+++ RECORD EXTRACTS +++
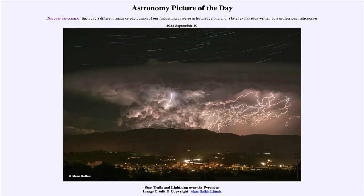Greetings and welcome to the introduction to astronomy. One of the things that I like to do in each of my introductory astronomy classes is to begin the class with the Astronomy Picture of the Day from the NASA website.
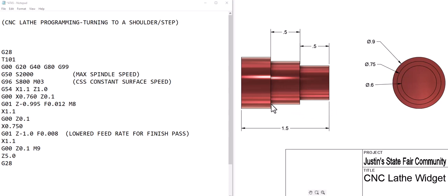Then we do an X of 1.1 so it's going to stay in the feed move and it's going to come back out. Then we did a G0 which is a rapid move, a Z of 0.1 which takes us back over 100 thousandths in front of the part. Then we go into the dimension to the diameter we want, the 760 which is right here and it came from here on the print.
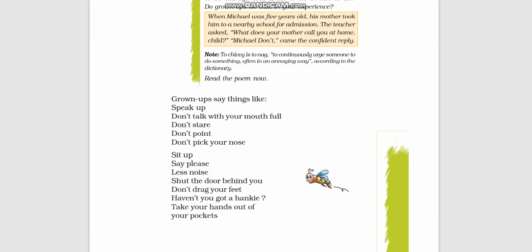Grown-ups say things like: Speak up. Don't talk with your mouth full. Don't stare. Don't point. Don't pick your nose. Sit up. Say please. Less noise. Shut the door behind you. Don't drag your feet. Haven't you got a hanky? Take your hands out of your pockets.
+++
+++ RECORD EXTRACTS +++
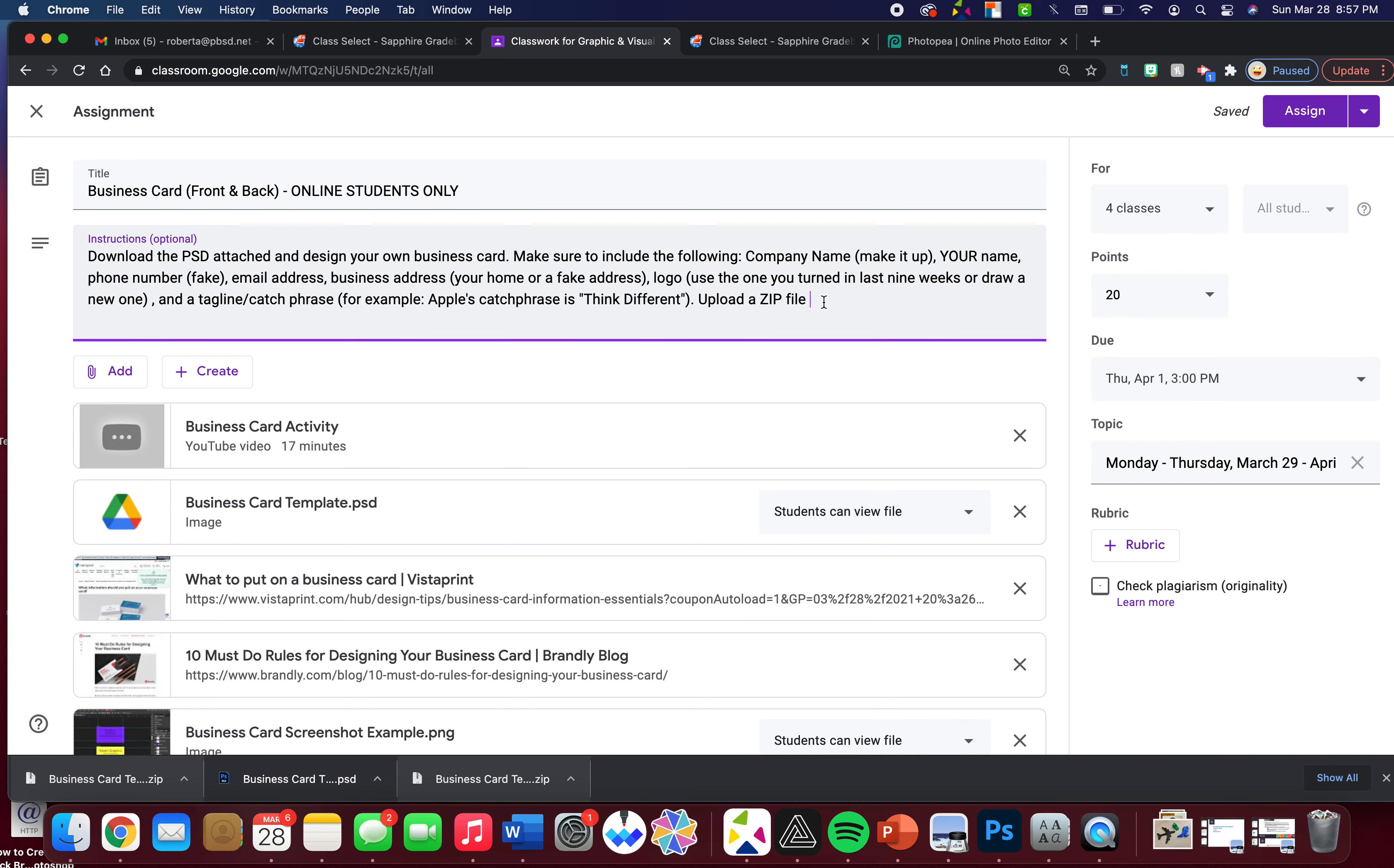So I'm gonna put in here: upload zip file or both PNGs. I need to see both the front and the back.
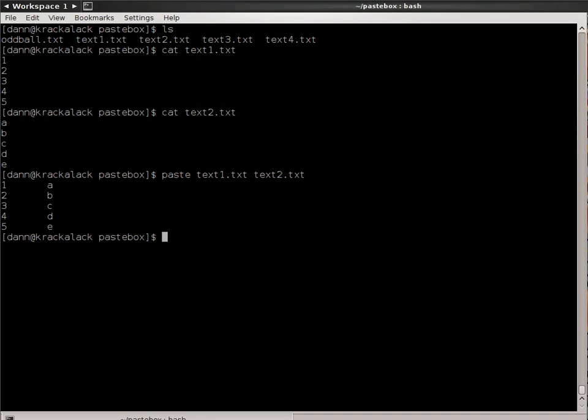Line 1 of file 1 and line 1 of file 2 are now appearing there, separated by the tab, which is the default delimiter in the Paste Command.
+++
+++ RECORD EXTRACTS +++
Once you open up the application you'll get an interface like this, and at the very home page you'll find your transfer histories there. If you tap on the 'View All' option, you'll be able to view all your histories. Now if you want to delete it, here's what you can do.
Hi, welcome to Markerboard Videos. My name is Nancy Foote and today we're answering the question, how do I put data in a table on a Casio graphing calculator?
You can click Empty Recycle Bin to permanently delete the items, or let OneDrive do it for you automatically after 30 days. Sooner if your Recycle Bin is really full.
+++
→ **WORK TO BE COMPLETED**
Beginning at the line with "Once you open" and stopping after the line with "You can click", please write out every line of the data above exactly and nothing else.

→ **PROBLEM SOLUTION**
Once you open up the application you'll get an interface like this, and at the very home page you'll find your transfer histories there. If you tap on the 'View All' option, you'll be able to view all your histories. Now if you want to delete it, here's what you can do.
Hi, welcome to Markerboard Videos. My name is Nancy Foote and today we're answering the question, how do I put data in a table on a Casio graphing calculator?
You can click Empty Recycle Bin to permanently delete the items, or let OneDrive do it for you automatically after 30 days. Sooner if your Recycle Bin is really full.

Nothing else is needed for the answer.